Blackberry, the Canadian tech giant that once led global smartphone sales, has experienced a steep decline over the past three years. The company’s employees are facing huge layoffs, and its stock has dwindled below $9 per share. Despite this dismal deterioration—or perhaps because of it—Blackberry’s largest shareholder, Fairfax Financial Holdings, has offered to take Blackberry private in a $4.7 billion deal.
In the face of such a severe slump, Fairfax Financial CEO Prem Watsa, the so-called “Warren Buffet of Canada,” seems confident in his company’s ability to revive Blackberry’s stagnant situation. His optimism can be attributed to several significant assets that Blackberry still has. Among these is Blackberry’s powerful security system; a huge attraction for businesses and government clients. Second is Blackberry’s patent portfolio, which gives the company legal ownership of a wealth of intellectual property.
One branch of the company that Watsa is not particularly eager to acquire, however, is Blackberry’s hardware division. In the past four years, Blackberry’s smartphone market share has dwindled from nearly 50 per cent in 2009 to roughly 3 per cent currently; the largest decline that any smartphone maker has seen. If the takeover goes forward, it is highly unlikely that Fairfax Financial will continue to produce Blackberry handhelds.

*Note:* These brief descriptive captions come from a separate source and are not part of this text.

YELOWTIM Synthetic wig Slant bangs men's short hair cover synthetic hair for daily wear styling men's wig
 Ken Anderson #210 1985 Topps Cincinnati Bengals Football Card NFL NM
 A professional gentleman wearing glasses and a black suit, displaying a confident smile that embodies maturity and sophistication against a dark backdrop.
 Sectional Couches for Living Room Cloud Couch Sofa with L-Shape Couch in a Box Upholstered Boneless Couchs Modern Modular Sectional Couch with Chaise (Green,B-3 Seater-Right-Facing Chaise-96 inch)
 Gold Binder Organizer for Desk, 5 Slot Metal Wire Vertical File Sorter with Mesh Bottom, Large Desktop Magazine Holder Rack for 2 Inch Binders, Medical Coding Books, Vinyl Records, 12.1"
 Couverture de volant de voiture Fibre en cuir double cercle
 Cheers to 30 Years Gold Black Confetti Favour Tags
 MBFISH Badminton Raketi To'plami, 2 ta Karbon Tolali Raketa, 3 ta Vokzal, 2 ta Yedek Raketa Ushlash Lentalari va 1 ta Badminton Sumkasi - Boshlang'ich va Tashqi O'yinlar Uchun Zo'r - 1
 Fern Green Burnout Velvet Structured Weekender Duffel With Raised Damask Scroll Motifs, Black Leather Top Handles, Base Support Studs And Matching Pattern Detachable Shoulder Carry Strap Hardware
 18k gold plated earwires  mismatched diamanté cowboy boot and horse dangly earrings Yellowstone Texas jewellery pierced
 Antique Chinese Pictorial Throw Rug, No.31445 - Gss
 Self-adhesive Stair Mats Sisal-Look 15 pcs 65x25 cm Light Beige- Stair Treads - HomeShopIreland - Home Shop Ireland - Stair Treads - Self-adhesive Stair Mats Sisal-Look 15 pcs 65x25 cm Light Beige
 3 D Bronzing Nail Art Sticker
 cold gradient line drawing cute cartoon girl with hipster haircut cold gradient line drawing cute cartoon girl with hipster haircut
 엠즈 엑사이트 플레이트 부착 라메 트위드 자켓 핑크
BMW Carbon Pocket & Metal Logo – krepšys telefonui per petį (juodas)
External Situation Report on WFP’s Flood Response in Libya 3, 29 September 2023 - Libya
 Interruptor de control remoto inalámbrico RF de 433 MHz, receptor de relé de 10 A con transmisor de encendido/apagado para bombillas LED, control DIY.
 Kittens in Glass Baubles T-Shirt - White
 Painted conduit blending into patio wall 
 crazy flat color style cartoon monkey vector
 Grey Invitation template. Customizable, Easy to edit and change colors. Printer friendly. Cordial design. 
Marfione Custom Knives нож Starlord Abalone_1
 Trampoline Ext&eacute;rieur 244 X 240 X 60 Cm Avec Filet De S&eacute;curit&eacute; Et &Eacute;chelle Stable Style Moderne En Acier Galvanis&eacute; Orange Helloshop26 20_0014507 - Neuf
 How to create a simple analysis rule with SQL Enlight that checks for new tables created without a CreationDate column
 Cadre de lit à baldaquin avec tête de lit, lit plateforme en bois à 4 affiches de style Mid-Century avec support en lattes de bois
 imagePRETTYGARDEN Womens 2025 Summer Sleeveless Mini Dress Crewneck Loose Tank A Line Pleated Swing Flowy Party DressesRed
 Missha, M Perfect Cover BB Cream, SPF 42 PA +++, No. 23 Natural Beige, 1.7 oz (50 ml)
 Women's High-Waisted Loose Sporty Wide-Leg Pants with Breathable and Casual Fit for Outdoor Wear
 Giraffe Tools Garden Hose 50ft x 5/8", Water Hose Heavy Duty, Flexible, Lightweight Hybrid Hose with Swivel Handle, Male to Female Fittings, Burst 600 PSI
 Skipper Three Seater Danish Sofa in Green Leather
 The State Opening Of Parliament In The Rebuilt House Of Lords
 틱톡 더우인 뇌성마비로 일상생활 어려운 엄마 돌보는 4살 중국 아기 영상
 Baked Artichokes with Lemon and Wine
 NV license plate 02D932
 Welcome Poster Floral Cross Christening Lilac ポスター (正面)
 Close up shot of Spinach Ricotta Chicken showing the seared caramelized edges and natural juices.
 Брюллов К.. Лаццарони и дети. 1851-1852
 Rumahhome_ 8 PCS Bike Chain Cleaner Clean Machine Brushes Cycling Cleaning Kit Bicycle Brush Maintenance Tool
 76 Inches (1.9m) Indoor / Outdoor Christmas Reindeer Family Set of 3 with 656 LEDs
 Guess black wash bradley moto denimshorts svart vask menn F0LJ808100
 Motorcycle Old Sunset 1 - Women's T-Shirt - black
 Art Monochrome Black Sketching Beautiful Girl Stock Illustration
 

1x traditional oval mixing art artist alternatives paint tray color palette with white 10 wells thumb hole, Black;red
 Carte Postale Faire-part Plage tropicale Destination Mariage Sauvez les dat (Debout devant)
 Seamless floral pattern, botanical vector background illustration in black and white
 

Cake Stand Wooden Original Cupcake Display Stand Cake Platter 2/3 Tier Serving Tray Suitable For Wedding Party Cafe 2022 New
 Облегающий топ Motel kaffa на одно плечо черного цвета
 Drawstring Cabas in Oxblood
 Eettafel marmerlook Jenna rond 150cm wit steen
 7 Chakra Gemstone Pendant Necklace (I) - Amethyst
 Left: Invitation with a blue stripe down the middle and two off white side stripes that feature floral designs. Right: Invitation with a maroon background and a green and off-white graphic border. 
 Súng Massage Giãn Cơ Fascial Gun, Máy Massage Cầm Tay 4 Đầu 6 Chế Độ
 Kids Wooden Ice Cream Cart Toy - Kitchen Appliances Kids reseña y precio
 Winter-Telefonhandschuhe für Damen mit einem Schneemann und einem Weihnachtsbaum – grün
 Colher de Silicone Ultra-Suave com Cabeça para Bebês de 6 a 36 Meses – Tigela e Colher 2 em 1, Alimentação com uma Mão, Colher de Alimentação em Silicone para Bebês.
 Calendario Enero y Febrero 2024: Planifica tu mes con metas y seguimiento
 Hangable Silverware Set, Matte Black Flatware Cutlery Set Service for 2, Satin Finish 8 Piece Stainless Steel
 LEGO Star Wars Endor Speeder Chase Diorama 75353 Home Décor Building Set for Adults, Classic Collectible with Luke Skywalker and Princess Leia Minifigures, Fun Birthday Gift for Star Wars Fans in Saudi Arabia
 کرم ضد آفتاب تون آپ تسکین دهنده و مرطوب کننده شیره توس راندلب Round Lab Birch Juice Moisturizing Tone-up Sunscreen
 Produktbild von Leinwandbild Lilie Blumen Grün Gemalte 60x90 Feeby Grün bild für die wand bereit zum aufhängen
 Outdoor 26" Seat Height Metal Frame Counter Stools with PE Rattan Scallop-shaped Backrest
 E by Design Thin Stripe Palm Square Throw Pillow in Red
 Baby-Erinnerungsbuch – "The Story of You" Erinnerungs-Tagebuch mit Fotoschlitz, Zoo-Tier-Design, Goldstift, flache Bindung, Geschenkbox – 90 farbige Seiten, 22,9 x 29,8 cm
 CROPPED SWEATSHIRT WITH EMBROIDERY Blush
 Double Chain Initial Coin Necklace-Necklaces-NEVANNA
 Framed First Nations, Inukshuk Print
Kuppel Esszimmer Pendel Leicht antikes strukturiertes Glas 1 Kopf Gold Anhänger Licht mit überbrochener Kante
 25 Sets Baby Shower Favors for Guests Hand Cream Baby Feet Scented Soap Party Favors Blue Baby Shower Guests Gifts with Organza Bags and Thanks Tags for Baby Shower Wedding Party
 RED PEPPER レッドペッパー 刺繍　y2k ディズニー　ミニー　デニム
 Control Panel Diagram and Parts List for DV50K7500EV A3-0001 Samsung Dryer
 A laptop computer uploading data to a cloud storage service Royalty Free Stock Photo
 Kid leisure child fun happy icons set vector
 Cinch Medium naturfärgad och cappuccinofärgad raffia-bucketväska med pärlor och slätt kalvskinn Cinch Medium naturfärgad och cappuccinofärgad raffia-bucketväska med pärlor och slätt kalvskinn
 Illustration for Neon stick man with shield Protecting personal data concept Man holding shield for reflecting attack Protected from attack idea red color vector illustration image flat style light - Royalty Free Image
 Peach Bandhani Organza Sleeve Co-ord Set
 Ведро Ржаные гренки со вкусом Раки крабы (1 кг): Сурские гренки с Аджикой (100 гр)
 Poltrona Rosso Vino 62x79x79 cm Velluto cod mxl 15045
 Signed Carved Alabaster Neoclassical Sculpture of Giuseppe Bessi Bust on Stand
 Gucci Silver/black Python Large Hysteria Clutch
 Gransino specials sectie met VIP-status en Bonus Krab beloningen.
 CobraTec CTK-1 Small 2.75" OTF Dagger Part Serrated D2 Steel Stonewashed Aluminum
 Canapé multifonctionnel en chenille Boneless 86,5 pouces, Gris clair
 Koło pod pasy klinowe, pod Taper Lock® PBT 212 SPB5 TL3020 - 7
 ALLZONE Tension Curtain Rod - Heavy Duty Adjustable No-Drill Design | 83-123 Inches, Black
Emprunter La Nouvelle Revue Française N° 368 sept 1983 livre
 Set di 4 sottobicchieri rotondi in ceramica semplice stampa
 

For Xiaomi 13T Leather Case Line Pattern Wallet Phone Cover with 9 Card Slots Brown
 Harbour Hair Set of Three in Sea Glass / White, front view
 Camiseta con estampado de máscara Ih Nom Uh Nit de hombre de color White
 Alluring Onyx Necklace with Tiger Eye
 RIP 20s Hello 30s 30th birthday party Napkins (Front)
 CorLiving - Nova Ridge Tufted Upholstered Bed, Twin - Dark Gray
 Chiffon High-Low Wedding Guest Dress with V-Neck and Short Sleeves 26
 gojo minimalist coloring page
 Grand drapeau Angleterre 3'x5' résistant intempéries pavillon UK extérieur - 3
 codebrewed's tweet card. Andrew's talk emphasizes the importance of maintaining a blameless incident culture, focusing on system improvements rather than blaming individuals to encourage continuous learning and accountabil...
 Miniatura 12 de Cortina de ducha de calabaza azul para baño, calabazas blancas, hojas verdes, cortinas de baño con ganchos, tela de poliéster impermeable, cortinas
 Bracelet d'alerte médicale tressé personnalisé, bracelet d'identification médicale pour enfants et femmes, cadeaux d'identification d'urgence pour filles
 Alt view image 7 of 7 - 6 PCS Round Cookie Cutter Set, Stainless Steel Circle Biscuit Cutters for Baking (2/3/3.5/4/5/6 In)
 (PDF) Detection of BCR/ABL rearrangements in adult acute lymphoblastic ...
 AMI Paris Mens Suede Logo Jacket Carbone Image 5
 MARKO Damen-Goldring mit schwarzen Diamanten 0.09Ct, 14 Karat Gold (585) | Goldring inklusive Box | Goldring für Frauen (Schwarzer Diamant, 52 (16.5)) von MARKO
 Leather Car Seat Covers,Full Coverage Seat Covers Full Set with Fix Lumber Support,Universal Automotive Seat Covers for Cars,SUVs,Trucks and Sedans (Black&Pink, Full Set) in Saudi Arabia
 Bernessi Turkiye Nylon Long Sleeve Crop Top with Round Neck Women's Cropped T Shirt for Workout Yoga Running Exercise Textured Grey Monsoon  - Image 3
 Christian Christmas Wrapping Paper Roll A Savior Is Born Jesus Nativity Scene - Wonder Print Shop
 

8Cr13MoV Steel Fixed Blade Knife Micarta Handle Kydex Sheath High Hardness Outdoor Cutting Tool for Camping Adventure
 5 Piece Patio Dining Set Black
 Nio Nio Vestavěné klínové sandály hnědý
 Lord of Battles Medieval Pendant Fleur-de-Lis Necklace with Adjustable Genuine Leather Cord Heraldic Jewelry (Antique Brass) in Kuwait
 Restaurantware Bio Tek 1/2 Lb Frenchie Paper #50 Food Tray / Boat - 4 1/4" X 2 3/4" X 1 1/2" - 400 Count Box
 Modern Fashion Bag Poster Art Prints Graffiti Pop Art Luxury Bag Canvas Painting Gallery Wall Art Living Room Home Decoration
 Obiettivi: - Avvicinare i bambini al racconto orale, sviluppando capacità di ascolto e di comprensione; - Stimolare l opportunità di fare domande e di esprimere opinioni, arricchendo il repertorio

The deterioration of Blackberry as a leading smartphone maker can be attributed to certain shortcomings on the part of the company, as well as powerful competition from competitors, namely Apple and Google’s Android operating system. One underlying flaw was Blackberry’s complacency. In the rapidly evolving smartphone industry, the ability to innovate and adapt to changes in consumer preferences is paramount. Apple revolutionized the smartphone industry with its sleek, streamlined, and easily navigable iPhones, and the Android offered increased functionality with its versatile, easily modified operating systems. Blackberry, which was both reluctant to abandon its signature keypad, and adamant in clinging to its niche of phones catered to businesspeople, quickly fell behind.
By the time that Blackberry finally released the Z10 last February, its first phone without a keypad and first new operating system in two years, it was already too late. Apple was already on its sixth generation iPhone, and Android had released several updates for the fourth version of its mobile operating system.
More recently, Apple’s latest iPhone release, as well as its heavily redesigned operating software, iOS 7, has completely overshadowed Blackberry as a contender in the smartphone market. Apple sold nine million of its new iPhones in the first weekend, compared to 2.7 million Blackberry 10 devices in the entire first quarter.
Blackberry’s reign as a leader in the smartphone market has come to a close. However, whether Fairfax Financial can actually restore some of the Canadian tech company’s former glory in its other divisions, or if the buyout is simply a last-ditch effort to salvage a large investment turned sour, is up for debate. A remaining source of hope for Canada’s prized technology company lies in Fairfax’s domestic approach to Blackberry’s restoration. Fairfax Financial is seeking Canadian equity, most likely in the form of pension funds, to complete the deal.
Spokesman Paul Rivett has been quoted stating that Fairfax is seeking “a strong Canadian solution” for the revival of what was once one of Canada’s most successful companies. Although it seems that Blackberry has lost its foothold in the smartphone industry in the face of American tech giants, a domestic recovery for the company’s more secure markets is possible, and could preserve Canadian influence in the global technology industry.